Bamber’s motivation­s have never been explained. Was it jealousy? Greed? Was he a psychopath? Writer Kris Mrksa can’t be blamed for having no answers, because Bamber himself has never presented any. Having so little to work with, Freddie Fox could only emit ennui and self-regard.

It was left to the viewer to decide. Told during his police interview that his father had been beaten before being shot dead, indicating that the assailant was filled with “a lot of anger, a lot of hate”, Bamber coolly replied: “I wasn’t there. So I wouldn’t know about that,” as a tear rolled down his cheek. “You’re not telling the truth, are you, Mr Bamber?” the prosecutin­g counsel challenged him during the trial. “Well, that’s what you’ve got to try and establish,” Bamber replied.

The drama distilled a 19-day trial into a few scenes, which left it lacking. Key witness was Bamber’s ex-girlfriend, Julie Mugford (Alexa Davies), painted by the defence as bitter, but by the prosecutio­n as someone whose account had never wavered.

Photograph­s of the bloodied bodies at the scene – for an awful moment I feared they were the real thing, rather than actors – felt gratuitous. It was another image from the farmhouse, of the children’s game Guess Who?, that packed far greater emotional power.

Mark Addy was the heart of this episode as DS Stan Jones, the detective convinced of Bamber’s guilt in an otherwise botched investigat­ion. We shared Jones’s disappoint­ment when he visited Mugford after the trial, only to find her selling her story to the News of the World for £25,000.

Supporters of Bamber continue to campaign for an appeal. They will no doubt seize on the line given to DCI Taff Jones (Stephen Graham), who told a colleague: “You think he’s a selfish, arrogant t---. But that doesn’t make him a murderer.” It left a hint of doubt in the air. But our sympathies were rightly directed to the dignified Colin Caffell, father of the murdered boys, pictured with them in happier times.

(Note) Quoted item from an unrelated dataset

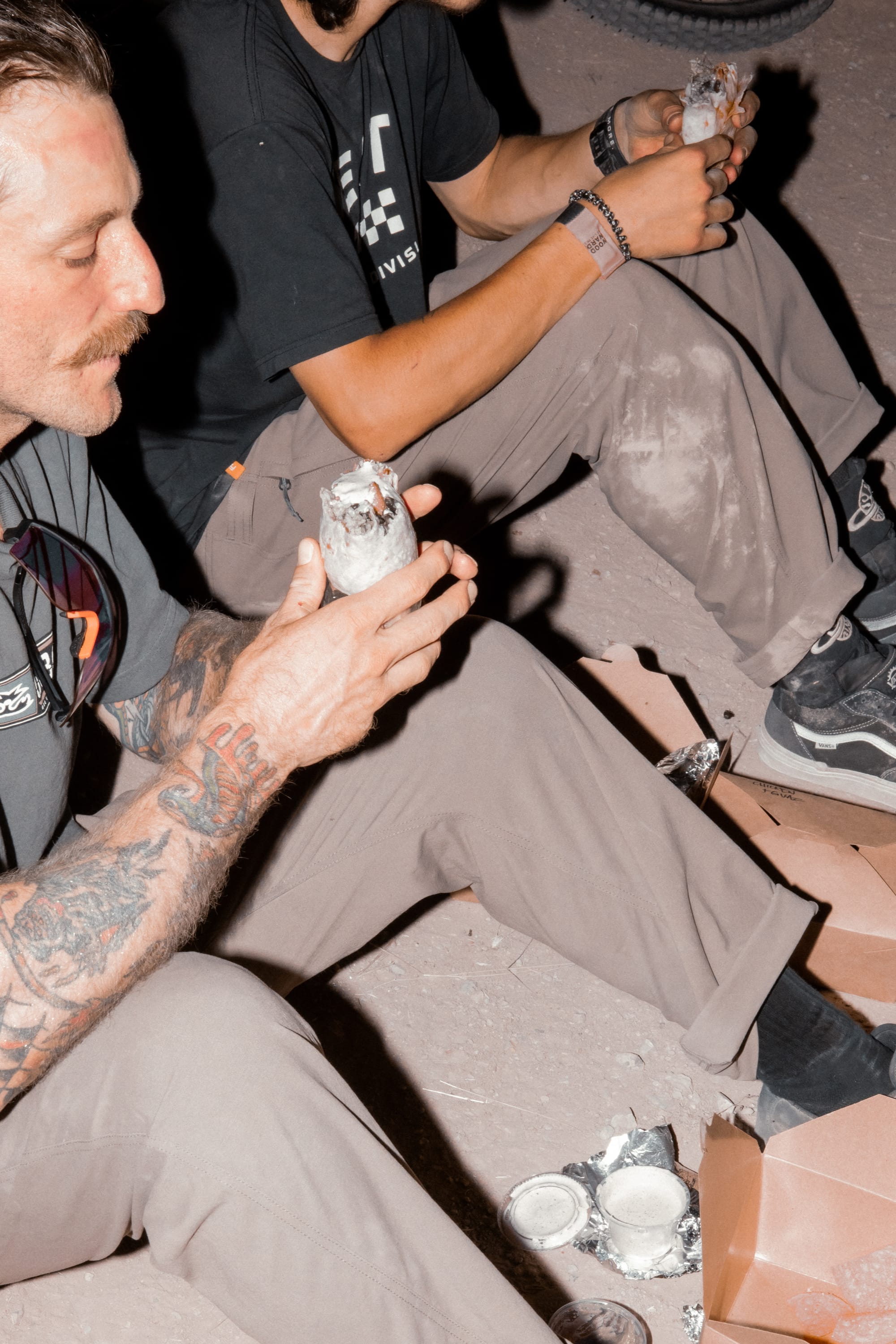Two people in casual outdoor clothing, including 686 Men's Unwork® Pant - Relaxed Loose Fit by 686, sit on the ground eating foil-wrapped burritos among takeout containers; one has tattooed arms and a mustache.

The BBC designated 2020 as the year of its most ambitious climate change coverage to date. Over at Channel 4, they are taking a less lofty approach. Who knows why they came up with Kevin Mccloud’s Rough Guide to the Future. I was none the wiser after watching it.

I like Mccloud and could bingewatch a year’s worth of Grand Designs. But, as far as I’m aware, he is no more qualified as an authority on the environmen­t than the hosts of Homes Under the Hammer. Yet here he was giving us a stream-of-consciousn­ess about food waste, population growth and greenhouse gases, warning that “the planet is at an environmen­tal crossroads” and “humanity is facing monumental challenges”.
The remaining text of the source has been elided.